§ WHAT THIS TASK INVOLVES
Report how many lines below contain the word "Swim", and give only that number.

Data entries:
┄┄┄┄┄┄

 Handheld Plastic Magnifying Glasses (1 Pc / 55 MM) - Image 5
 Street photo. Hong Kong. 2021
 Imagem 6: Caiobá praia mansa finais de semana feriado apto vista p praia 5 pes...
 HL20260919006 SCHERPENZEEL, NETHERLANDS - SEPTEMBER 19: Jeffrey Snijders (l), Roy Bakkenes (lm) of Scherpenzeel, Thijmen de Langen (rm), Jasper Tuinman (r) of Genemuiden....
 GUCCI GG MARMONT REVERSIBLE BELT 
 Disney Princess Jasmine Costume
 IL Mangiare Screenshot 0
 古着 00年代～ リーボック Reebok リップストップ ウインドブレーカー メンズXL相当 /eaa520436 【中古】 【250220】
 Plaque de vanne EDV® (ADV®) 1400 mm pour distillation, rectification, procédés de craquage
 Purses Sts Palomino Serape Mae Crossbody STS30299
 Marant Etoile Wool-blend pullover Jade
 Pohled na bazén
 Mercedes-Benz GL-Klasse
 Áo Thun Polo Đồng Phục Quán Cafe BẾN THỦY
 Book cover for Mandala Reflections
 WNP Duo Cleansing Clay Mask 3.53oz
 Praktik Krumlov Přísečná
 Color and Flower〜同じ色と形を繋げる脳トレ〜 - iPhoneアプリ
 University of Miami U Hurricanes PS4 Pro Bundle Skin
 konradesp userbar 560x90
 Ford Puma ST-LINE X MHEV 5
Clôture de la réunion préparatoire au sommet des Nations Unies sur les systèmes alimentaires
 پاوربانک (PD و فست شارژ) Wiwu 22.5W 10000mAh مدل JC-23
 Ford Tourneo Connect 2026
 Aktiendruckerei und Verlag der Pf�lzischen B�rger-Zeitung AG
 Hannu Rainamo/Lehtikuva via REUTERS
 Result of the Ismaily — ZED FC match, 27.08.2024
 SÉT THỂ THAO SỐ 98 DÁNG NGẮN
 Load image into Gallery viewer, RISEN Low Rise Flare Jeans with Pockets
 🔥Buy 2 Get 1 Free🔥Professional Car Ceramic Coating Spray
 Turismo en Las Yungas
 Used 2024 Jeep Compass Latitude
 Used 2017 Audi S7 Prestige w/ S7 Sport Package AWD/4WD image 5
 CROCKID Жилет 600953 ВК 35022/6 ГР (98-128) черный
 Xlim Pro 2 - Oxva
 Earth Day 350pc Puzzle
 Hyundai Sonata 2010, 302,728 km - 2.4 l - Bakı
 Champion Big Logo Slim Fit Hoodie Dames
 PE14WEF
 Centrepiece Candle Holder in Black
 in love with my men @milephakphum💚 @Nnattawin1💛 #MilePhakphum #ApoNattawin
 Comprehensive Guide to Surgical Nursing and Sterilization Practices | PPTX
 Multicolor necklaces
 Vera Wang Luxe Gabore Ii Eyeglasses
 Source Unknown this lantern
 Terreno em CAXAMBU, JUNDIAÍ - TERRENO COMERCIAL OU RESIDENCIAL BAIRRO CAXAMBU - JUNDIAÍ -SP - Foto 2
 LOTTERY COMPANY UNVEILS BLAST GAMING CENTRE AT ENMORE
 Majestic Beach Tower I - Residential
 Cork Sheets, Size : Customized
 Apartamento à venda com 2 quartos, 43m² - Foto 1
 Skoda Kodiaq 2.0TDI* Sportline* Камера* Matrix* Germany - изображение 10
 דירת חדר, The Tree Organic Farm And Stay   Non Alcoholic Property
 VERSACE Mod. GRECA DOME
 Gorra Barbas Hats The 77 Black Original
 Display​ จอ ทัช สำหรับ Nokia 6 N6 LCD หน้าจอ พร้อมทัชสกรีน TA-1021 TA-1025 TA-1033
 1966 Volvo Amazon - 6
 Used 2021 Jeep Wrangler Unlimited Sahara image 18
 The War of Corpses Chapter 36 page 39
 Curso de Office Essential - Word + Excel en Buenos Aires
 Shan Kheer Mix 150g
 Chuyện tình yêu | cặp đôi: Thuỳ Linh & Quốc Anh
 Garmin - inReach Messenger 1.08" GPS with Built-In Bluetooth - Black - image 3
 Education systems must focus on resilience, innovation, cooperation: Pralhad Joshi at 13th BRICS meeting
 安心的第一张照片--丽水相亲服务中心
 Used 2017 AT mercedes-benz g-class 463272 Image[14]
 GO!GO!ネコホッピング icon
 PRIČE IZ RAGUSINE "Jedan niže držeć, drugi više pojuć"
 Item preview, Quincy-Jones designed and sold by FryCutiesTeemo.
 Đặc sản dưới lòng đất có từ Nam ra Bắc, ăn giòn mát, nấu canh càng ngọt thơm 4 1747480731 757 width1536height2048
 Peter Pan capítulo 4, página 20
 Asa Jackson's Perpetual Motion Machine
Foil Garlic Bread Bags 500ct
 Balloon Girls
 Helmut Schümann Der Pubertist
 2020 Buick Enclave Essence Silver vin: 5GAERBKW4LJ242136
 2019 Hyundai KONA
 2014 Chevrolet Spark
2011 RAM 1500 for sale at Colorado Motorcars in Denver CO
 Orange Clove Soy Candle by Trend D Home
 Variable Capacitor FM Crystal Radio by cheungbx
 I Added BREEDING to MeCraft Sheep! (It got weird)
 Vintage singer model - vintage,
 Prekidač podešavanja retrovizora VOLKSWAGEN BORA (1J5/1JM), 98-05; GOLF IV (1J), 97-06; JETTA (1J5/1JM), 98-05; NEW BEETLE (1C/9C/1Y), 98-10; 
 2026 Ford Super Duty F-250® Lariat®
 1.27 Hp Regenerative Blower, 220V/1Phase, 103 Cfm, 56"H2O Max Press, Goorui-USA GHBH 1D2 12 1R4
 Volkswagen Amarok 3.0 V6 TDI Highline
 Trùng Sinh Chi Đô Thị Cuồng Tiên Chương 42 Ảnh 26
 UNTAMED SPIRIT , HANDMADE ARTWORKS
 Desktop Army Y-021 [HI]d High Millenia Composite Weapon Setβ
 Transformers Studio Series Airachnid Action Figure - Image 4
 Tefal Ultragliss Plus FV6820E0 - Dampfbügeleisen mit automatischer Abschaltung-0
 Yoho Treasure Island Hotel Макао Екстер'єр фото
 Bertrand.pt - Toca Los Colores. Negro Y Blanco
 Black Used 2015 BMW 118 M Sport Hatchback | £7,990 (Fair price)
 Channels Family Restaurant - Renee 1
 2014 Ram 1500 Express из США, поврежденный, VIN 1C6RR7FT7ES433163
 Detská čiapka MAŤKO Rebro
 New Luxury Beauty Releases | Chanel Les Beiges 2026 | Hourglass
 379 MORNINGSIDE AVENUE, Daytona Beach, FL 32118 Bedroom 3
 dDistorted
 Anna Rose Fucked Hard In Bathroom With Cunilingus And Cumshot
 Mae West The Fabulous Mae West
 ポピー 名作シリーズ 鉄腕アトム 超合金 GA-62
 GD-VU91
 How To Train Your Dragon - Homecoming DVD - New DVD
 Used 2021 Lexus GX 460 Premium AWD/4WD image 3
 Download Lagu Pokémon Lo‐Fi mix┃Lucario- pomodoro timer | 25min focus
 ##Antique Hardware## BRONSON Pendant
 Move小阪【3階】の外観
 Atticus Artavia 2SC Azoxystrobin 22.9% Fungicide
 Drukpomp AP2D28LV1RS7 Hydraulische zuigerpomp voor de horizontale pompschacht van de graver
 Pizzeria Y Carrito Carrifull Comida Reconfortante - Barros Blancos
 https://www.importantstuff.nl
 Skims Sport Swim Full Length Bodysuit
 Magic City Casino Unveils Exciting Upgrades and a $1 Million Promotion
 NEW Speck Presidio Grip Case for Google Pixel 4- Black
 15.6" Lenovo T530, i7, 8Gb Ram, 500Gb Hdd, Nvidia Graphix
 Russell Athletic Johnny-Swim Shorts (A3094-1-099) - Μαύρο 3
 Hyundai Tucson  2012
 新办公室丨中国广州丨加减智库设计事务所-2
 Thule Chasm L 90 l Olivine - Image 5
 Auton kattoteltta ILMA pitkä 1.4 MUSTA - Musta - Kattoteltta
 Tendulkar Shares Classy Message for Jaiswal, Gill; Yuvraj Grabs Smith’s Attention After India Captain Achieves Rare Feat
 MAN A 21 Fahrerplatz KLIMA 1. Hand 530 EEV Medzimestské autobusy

┄┄┄┄┄┄

§ ANSWER SECTION
2